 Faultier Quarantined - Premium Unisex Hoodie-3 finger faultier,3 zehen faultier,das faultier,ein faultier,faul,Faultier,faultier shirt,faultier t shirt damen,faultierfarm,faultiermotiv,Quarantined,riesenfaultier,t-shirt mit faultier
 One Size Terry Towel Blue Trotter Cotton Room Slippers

--

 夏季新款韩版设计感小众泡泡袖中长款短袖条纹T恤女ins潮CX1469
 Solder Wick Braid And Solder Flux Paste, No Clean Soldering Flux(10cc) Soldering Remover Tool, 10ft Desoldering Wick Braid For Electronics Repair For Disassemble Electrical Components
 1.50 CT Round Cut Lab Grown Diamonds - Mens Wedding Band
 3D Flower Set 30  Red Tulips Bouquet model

→ **Problem to solve**: Transcribe the records above exactly, beginning at the line that contains "Faultier Quarantined - Premium" and ending with the line that contains "One Size Terry", both included, and nothing else.

→ **Answer to the problem**:
 Faultier Quarantined - Premium Unisex Hoodie-3 finger faultier,3 zehen faultier,das faultier,ein faultier,faul,Faultier,faultier shirt,faultier t shirt damen,faultierfarm,faultiermotiv,Quarantined,riesenfaultier,t-shirt mit faultier
 One Size Terry Towel Blue Trotter Cotton Room Slippers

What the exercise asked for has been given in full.